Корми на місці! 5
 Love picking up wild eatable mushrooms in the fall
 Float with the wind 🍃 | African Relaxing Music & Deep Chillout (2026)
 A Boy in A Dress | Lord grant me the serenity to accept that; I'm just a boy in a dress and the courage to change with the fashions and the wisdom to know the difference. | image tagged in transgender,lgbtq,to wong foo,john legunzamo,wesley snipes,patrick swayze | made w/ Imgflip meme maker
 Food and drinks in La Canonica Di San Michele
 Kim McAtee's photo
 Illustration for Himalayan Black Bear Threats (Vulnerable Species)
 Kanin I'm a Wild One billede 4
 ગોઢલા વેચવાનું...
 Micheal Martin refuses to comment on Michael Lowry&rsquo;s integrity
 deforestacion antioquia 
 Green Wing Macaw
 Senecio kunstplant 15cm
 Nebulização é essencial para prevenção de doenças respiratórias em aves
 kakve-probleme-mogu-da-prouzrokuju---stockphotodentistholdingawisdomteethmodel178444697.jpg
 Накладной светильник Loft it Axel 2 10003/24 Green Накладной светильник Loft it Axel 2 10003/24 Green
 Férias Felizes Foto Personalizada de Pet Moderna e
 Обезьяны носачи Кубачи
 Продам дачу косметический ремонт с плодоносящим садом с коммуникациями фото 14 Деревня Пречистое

- - -

◆ WHAT IS REQUIRED ◆
Return every record in full, word for word.

◆ FINISHED TASK ◆
Корми на місці! 5
 Love picking up wild eatable mushrooms in the fall
 Float with the wind 🍃 | African Relaxing Music & Deep Chillout (2026)
 A Boy in A Dress | Lord grant me the serenity to accept that; I'm just a boy in a dress and the courage to change with the fashions and the wisdom to know the difference. | image tagged in transgender,lgbtq,to wong foo,john legunzamo,wesley snipes,patrick swayze | made w/ Imgflip meme maker
 Food and drinks in La Canonica Di San Michele
 Kim McAtee's photo
 Illustration for Himalayan Black Bear Threats (Vulnerable Species)
 Kanin I'm a Wild One billede 4
 ગોઢલા વેચવાનું...
 Micheal Martin refuses to comment on Michael Lowry&rsquo;s integrity
 deforestacion antioquia 
 Green Wing Macaw
 Senecio kunstplant 15cm
 Nebulização é essencial para prevenção de doenças respiratórias em aves
 kakve-probleme-mogu-da-prouzrokuju---stockphotodentistholdingawisdomteethmodel178444697.jpg
 Накладной светильник Loft it Axel 2 10003/24 Green Накладной светильник Loft it Axel 2 10003/24 Green
 Férias Felizes Foto Personalizada de Pet Moderna e
 Обезьяны носачи Кубачи
 Продам дачу косметический ремонт с плодоносящим садом с коммуникациями фото 14 Деревня Пречистое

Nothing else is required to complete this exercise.